Nasza Loteria SR - pasek na kartach artykułów

Burza o ustawę medialną: konieczne zmiany czy Russia Today? [WIDEO]

Marcin Dobski, wideo: TVN24/x-news
Burza wokół ustawy medialnej w Sejmie
Burza wokół ustawy medialnej w Sejmie pixabay.com
Prawo i Sprawiedliwość mówi, że zmiany to konieczność, opozycja – że to Russia Today. A posłanka PiS Krystyna Pawłowicz najpierw wysyła dziennikarzy TVP do ojca Rydzyka na "resocjalizację", a później tłumaczy, że to był tylko... żart.

"DRODZY WYBORCY. Dziś po południu uchwalimy "małą" ustawę o tvp i radio publicznym. Zmienimy ich władze. Za kilka dni będą już uczciwe przekazy informacyjne. Wyborcy dowiedzą się wreszcie, co robi dla nich rząd, Sejm i Prezydent, których wybrali. Pani J. Dobrosz-Oracz, p. Kraśko, p. Lewicka, p. Tadla, oboje Lisowie i reszta kłamczuchów dostaną skierowanie na kursy medialne resocjalizacyjne do Wyższej Szkoły Kultury Społecznej i Medialnej do Torunia. Wykłady poprowadzi Ojciec Dyrektor. Taryfy ulgowej nie będzie. Pompki i przebieżki medialne z plecakami. Pod górkę. Osobne cele rozmyślań. Szkolenie do skutku - taki wpis pojawił się w środę, 30 grudnia, w nocy na profilu facebookowym Krystyny Pawłowicz, posłanki PiS.

7 godzin później posłanka wycofała się z nich tłumacząc, że to był... żart: "UWAGA, UWAGA, wskazówka interpretacyjna dla wystraszonych przegranych w ostatnich wyborach i dla TVN: poniższy mój post jest ŻARTEM."

Ustawa medialna autorstwa PiS, choć jeszcze w całości niegotowa, została włączona do rozpatrzenia podczas wtorkowych obrad. Opozycja grzmi, że to ustawa kadrowa, bo dotyczy jedynie zmian kadrowych w Telewizji Polskiej i Polskim Radiu.

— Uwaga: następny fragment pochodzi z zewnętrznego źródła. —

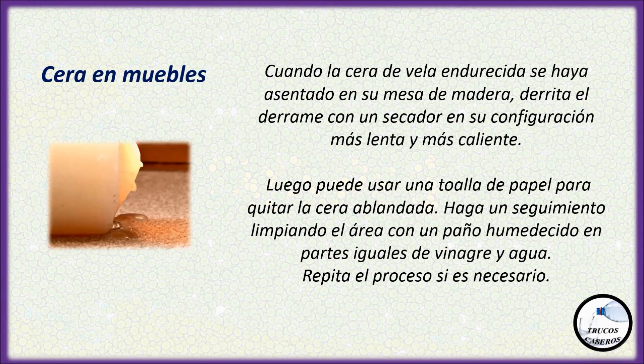Cera en muebles: Cuando la cera de vela endurecida se haya sentado en su mesa de madera, derrita el derrame con un secador en su configuración más lenta y más caliente. Luego puede usar una toalla de papel para quitar la cera ablandada. Haga un seguimiento limpiando el área con un paño humedecido en partes iguales de vinagre y agua. Repita el proceso si es necesario.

Projekt, złożony w Sejmie w poniedziałek późnym wieczorem, dotyczy jedynie zmian we władzach mediów publicznych. „W pierwszym kroku zmieniamy zasady wyboru władz telewizji publicznej i Polskiego Radia. W drugim przyjęta zostanie ustawa o Mediach Narodowych, zmieniająca ustrój mediów publicznych i zasady ich finansowania” – napisał na Facebooku Krzysztof Czabański, pełnomocnik rządu ds. reformy mediów publicznych. Filarami mediów narodowych mają być instytucje, które nie są spółkami akcyjnymi, a którym zostaną zapewnione stabilne źródła finansowania.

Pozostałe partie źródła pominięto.